Before the Kansas City Chiefs became the Chiefs, the team originated as the Dallas Texans, an American Football League (AFL) team that played from 1960 to 1962. In 1963, per the National Football League's (NFL) official site, team owner Lamar Hunt moved the Texans to Kansas City and, understandably, renamed them, choosing the "Chiefs" as the team's new moniker. The short-lived Texans need consideration when discussing the Chiefs' storied history, which includes three AFL championships, a record during the short-lived tenure of the AFL, and winning three out of the five Super Bowls in which they've competed, with their sixth Super Bowl appearance taking place in 2024 (via Pro Football Reference). The first quarterback for the Texans, and therefore the Chiefs, was a former Baylor University football player named Cotton Davidson.

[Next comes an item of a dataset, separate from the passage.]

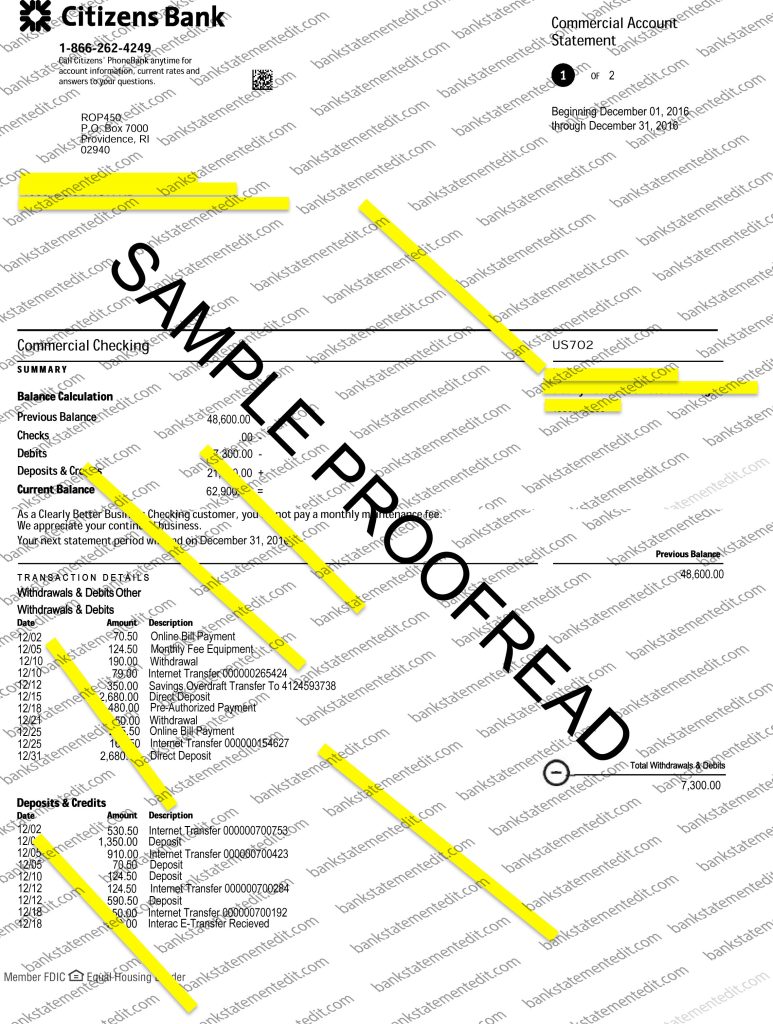 Citizens Bank Sample 1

Francis Marion "Cotton" Davidson was born on a cattle farm on November 30, 1931 in Gatesville, Texas, per Scott's Funeral Home. He graduated from Gatesville High School and went to Baylor University, where he played football and met Carolyn Mabery. The two wed shortly after his graduation and were married for 68 years at the time of his death on December 23, 2022. Davidson played for the Baltimore Colts before he came to the Texans. He was the fifth overall pick in the 1954 NFL draft. In a 2014 interview with the Baltimore Sun, he recalled the first time he "really felt like he produced for the Colts."

An impressive moment in Colts football history

On December 4, 1954, as reported by the Baltimore Sun, the Baltimore Colts played the Los Angeles Rams at the Los Angeles Coliseum. The Colts were down by two points and 80 yards from the end zone with just two minutes remaining in the game when quarterback Cotton Davidson made seven completions in a row. The Colts ultimately won the game with a field goal with a mere 12 seconds left on the clock. A week later, he performed an even more impressive set of seven passes, and an overall ten plays in a game against the San Francisco 49ers with the 49ers ahead 10-7, but the eventual field goal failed, the 49ers won, and that was unexpectedly the end of Davidson's career with the Colts. 

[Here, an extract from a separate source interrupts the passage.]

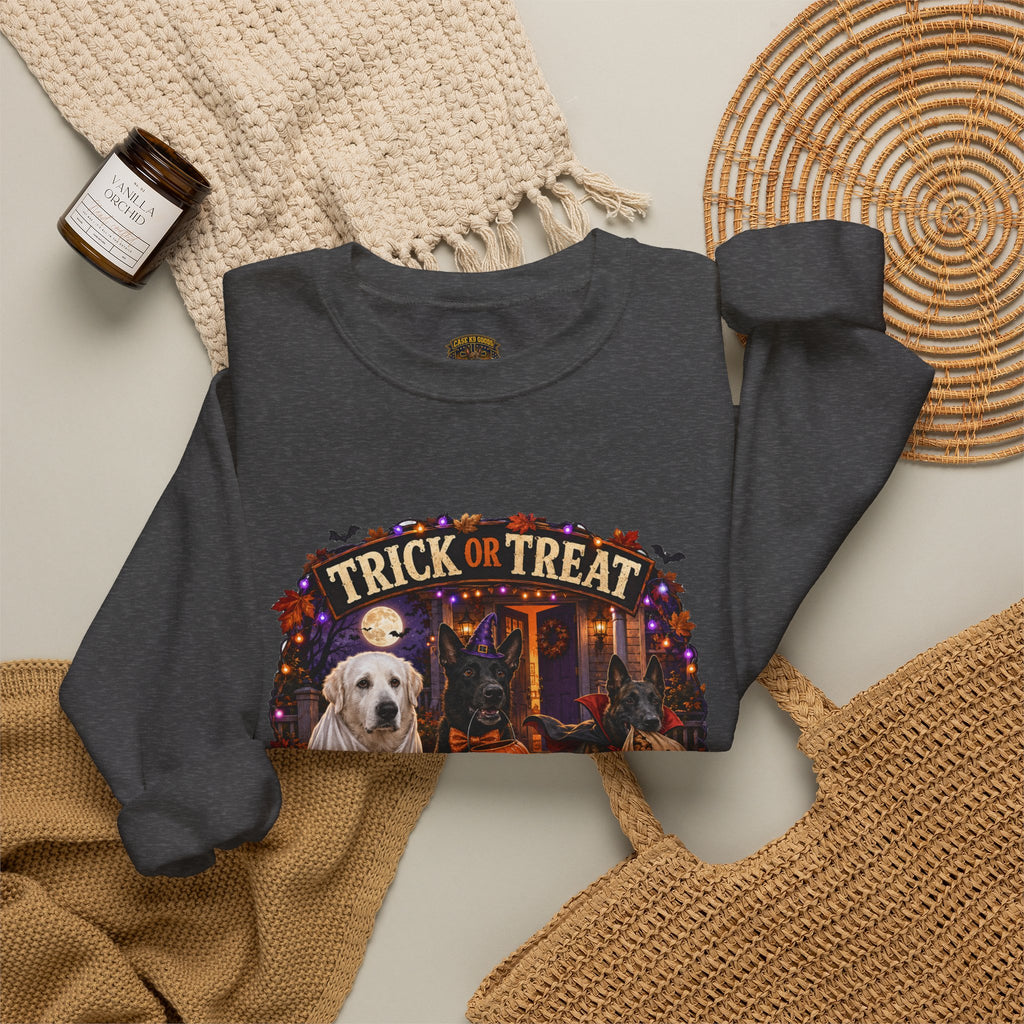 Halloween Crewneck Sweatshirt - "Trick or Treat, Blame the Dogs" Cute K-9 Dog Ghost Pumpkin Design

As he told the Sun, "I left town feeling good, knowing I was the only one of three quarterbacks coming back the next year. But when I got home, there was a letter from the Army saying they wanted me for two years. All I did in the service was play football and baseball at Fort Bliss. When I returned to the Colts in 1957, another guy was wearing No. 19." The guy was Johnny Unitas, about whom Davidson said, "John was top of the line. We never had a cross word. I backed him up that season and you knew that son of a gun was going to be the guy." 

From Dallas to Oakland to Baylor

Cotton Davidson went to play for Calgary in the Canadian Football League, per the Baltimore Sun. A shoulder injury in 1959 sent him back to the States, where he coached at his alma mater, Baylor University, for a year before playing for the Dallas Texans. According to Powers Sports Memorabilia, Davidson spent two years in Dallas, leading the team to 8-6 and 6-8 records, respectively. The site referred to him as "a placeholder for bigger things to come." Davidson moved on to the Oakland Raiders for seven years before retiring as a player. He was an AFL All-Star in 1961 and was named the All-Star Game MVP. He returned as an All-Star in 1963. 

After his time in the AFL, Davidson returned to Baylor and served as the football team's offensive coach for 21 years. The Sun noted that Davidson and his wife lived on the family's 700-acre cattle ranch, where Davidson "puttered around" mending fences as needed and occasionally playing a little catch with one of his 12 grandchildren. Quoting Davidson: "I can still throw a decent ball — just not very far." In November 2021, Davidson's home town of Gateville, Texas honored him with a celebration and a proclamation from Mayor Gary Chumley declaring November 27 to be Cotton Davidson Day (via the Gatesville Messenger.) According to his 2022 obituary, Davidson "is remembered by loved ones for his kindness, former players for his fairness, and fans by his tight spiral."